The beauty of the minimum-wage issue — and what distinguishes it from just about everything else on Obama's plate — is that the president wins either way.
Fast food workers and activists demonstrate outside McDonald's downtown flagship restaurant on July 31, 2014 in Chicago, Illinois.
Fast food workers and activists demonstrate outside McDonald's downtown flagship restaurant on July 31, 2014 in Chicago, Illinois.

A new White House report touts progress toward increasing the minimum wage from the current $7.25 per hour to $10.10 per hour. The good news is that since President Obama proposed the increase in his 2014 State of the Union speech, 13 states plus the District of Columbia have increased their minimum wage. The minimum wage has also been raised locally in Seattle; Berkeley, Calif.; and Maryland’s Montgomery and Prince George’s Counties, among other places. Obama signed an executive order mandating that federal contractors pay $10.10 per hour. Local jurisdictions, including Philadelphia, Louisville, and Ypsilanti, Mich., have done the same for city workers and contractors.

The bad news is that the White House seems pretty unlikely to get a minimum wage bill through Congress this year, even in the Democratic-controlled Senate, where it’s been filibustered.

Or is that good news, too? The beauty of the minimum-wage issue — and what distinguishes it from just about everything else Obama is grappling with just now — is that the president wins either way.

If Obama gets the minimum-wage increase, he’ll improve the lives of low-wage workers (including many earning above the minimum wage, since raising it has the effect of boosting higher wages as well). The nonprofit Economic Policy Institute estimates that raising the minimum wage to $10.10 would increase wages, directly and indirectly, for about 28 million workers, and would boost GDP by $22 billion.

In theory raising the minimum wage ought to increase unemployment, but in practice, economists (including a few at the not-exactly-left-leaning Goldman Sachs) have lately  struggled to find any real-world evidence of that happening. Job creation is actually faster in the states that have raised the minimum wage.

And if President Obama doesn’t get the increase? That will be a misfortune for those 28 million workers. But it will be an electoral boon for Obama and the Democrats come November, because (according to a recent CNN poll) 71% of all Americans favor increasing the minimum wage. Even among Republicans, a 54% majority favors increasing it. People who describe themselves as “conservative” favor it by 53%; “moderates” by 78%; and independents by 67%. (“Liberals” and Democrats, unsurprisingly, favor it by 88% and 90%, respectively.)

Republican opposition to a minimum-wage increase is a classic “wedge” issue, and Democrats could use one. Republicans are still projected by Five Thirty-Eight’s Nate Silver to take the Senate in November. The Democrats have little chance of retaking the House, and may even lose a few seats. And no one expects the GOP to lose control of a majority of the country’s state legislatures and governorships (some gains are likely in the former; some slippage in the latter).

The minimum wage issue, though, could help.
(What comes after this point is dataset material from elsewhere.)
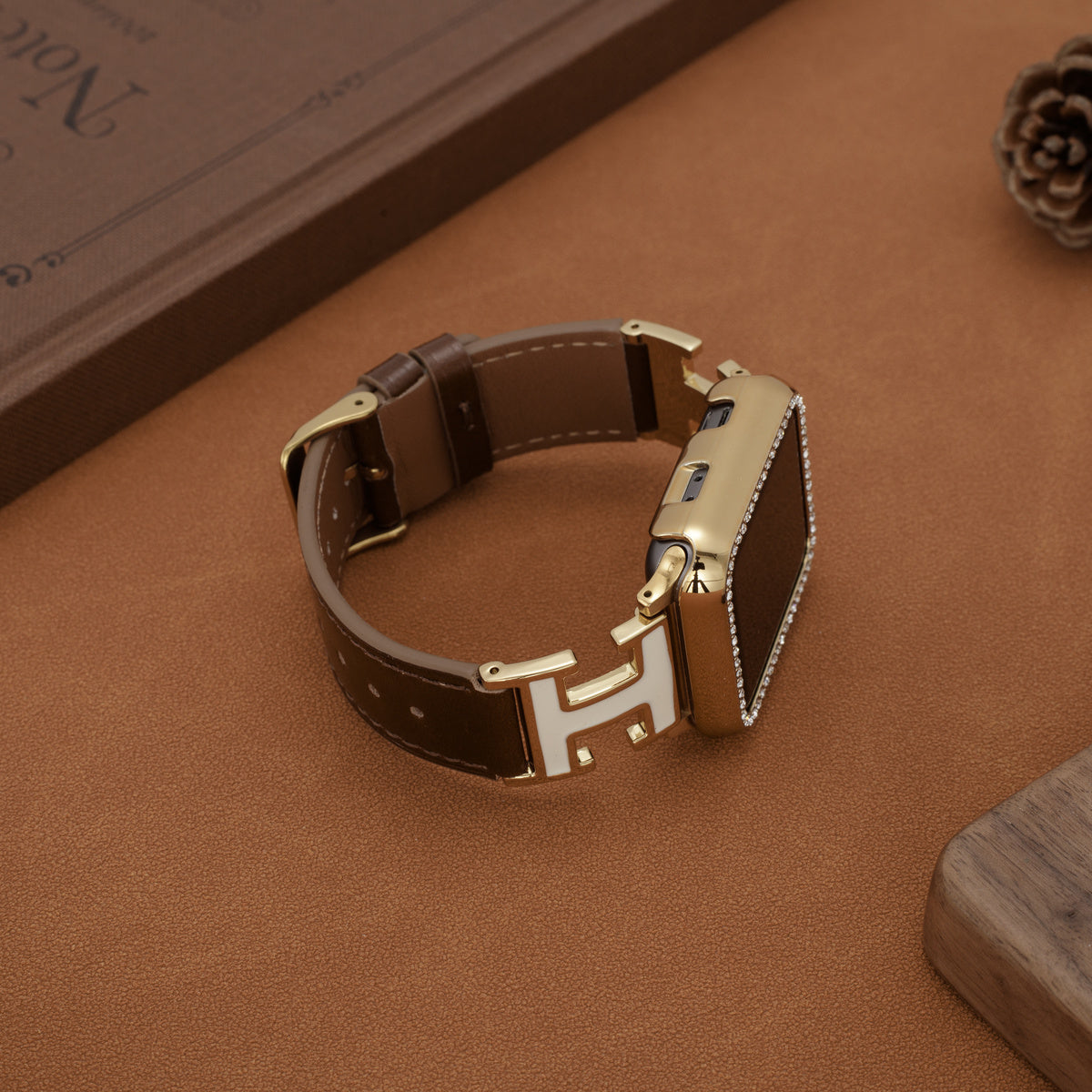 LoofFitU™ Elegant Holiday Leather Strap For Apple Watch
And Democratic candidates are trying it out:

  • In Iowa, Democratic Senate candidate Bruce Braley has run an ad that features audio of his opponent, Republican Jodi Ernst, saying “I do not support a federal minimum wage” (she favors one at the state level) and footage of her saying “I think $7.25 is appropriate for Iowa.” Polls show that the race is very close, but Iowans’ views on the minimum wage are not. Sixty-five percent favor raising it.
  • In Arkansas, Democratic gubernatorial candidate Mike Ross is attacking Republican Asa Hutchinson for opposing a ballot measure to increase the minimum wage. (Hutchinson says he prefers that the state legislature raise it, even though its last three attempts to do so failed.) Hutchinson is leading in the polls, but the minimum-wage increase is favored by fully 79% of likely Arkansas voters.
  • In Virginia, Republican Senate candidate Ed Gillespie was caught on camera saying minimum-wage jobs are “where you learn the social aspects of work.” In fact, the average worker whose income would rise, directly or indirectly, as a result of Obama’s proposed minimum-wage increase supplies half of his or her family’s income.  The proportion of minimum-wage workers who are teenagers (one-quarter) is smaller than the proportion who are women aged 25 and over (one-third). Gillespie’s Democratic opponent, the somewhat conservative Sen. Mark Warner, favors a minimum-wage increase (though he’s said he’s open to one smaller than Obama’s). Though Warner has a strong lead in the race, his campaign Web site didn’t pass up this opportunity to charge that Gillespie’s “insulting comments demean Virginians who work long hours just to make ends meet.” Sixty-six percent of Virginians favor increasing the minimum wage — including 60% of independents and 41% of Republicans.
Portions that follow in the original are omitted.